Do you ever come up with a fantastic idea right before falling asleep and then transition to a manic state where you obsess over said idea for hours before finally passing out at 1am? On a Tuesday? No? Anyone?
Well, not to air my hyper-manic dirty laundry, but I do. And, in fact, I did. And, fancy that, it was on a fricken Tuesday night.
So what was this crazy-amazing-incredible idea, you ask?
One word: Taterchos. Or Totchos.
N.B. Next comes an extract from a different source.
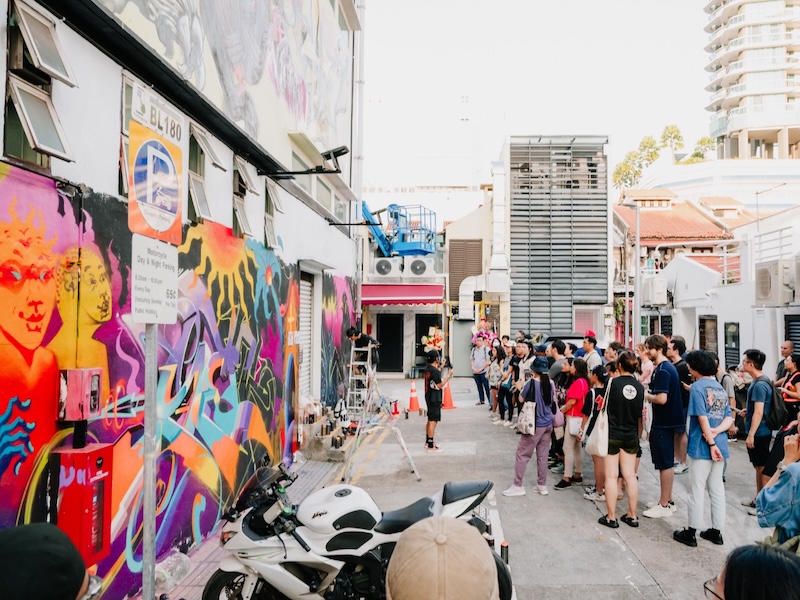 exhibition and murals in singapore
I’m still working on the name.
Picture this: a layer of crispy tater tots topped with squeaky chipotle cheese curds, gooey Monterey Jack cheese, perfectly browned smokey chorizo sausage, chipotle-infused cream reduction, and fresh Pico de Gallo.
It’s enough to cure a narcoleptic. (‘Cause it kept me awake for hours–get it?)
Good thing my mom thinks I’m funny …
So now it’s Sunday, and I’ve been thinking about these babies for four days straight. But, you know what they say: good things come to those who hyper-focus on trashy potato products covered in cheese.
1 pint grape tomatoes, diced
1/2 small white onion, diced
1/4 cup packed, minced cilantro
1/2 lime, juiced
1 jalapeño, minced
Salt and pepper to taste
2 fresh chorizo sausages, casings removed
1 cup whipping cream
2 chipotle peppers in adobo sauce
1 bag tater tots
Monterey Jack cheese
Mix the tomatoes, onion, cilantro, lime juice, jalapeño, and salt and pepper in a small bowl and set aside in fridge to chill.
Crumble sausage and brown in a small fry pan on medium-high heat.
Cook tater tots according to package.
Meanwhile, in a small saucepan, combine cream and chipotle peppers and simmer on low until reduced to a thick, creamy sauce (for about thirty minutes). With an immersion blender, blend pepper-cream mixture until smooth.
When tater tots are cooked and golden brown, cover with both types of cheese and sausage and put back in the oven until cheese is melted and bubbly.
Serve tater tots with a drizzle of chipotle cream and a heaping scoop of Pico de Gallo.